SUPPLIED RECORDS:

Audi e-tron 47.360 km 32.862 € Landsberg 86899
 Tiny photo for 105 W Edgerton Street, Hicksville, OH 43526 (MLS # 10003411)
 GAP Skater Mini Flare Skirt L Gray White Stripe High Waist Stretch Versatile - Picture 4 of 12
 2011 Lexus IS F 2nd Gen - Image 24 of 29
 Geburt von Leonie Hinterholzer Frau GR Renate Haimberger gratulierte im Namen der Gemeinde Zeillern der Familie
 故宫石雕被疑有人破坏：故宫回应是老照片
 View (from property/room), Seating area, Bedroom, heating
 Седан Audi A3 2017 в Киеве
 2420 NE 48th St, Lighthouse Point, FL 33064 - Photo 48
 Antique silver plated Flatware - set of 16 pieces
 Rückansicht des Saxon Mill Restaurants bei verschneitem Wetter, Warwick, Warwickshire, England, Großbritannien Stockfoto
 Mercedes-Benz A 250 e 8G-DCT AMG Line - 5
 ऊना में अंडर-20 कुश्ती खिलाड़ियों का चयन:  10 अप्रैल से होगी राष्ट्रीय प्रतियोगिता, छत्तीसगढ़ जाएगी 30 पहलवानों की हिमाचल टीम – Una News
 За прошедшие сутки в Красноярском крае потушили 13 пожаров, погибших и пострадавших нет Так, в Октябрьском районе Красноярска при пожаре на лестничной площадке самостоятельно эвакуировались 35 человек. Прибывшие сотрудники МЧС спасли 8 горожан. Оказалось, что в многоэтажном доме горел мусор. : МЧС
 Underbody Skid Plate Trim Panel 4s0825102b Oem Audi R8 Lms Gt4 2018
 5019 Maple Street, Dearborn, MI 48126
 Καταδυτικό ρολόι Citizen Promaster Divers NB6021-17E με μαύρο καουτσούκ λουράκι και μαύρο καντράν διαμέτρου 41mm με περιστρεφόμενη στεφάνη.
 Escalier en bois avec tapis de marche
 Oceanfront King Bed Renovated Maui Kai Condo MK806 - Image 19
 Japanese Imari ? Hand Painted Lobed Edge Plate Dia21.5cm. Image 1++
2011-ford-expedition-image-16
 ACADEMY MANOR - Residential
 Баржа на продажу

WHAT TO DO: All that is wanted is the lines from the one containing "Καταδυτικό ρολόι Citizen" through the last line of the records, restated word for word.

THE ANSWER:
 Καταδυτικό ρολόι Citizen Promaster Divers NB6021-17E με μαύρο καουτσούκ λουράκι και μαύρο καντράν διαμέτρου 41mm με περιστρεφόμενη στεφάνη.
 Escalier en bois avec tapis de marche
 Oceanfront King Bed Renovated Maui Kai Condo MK806 - Image 19
 Japanese Imari ? Hand Painted Lobed Edge Plate Dia21.5cm. Image 1++
2011-ford-expedition-image-16
 ACADEMY MANOR - Residential
 Баржа на продажу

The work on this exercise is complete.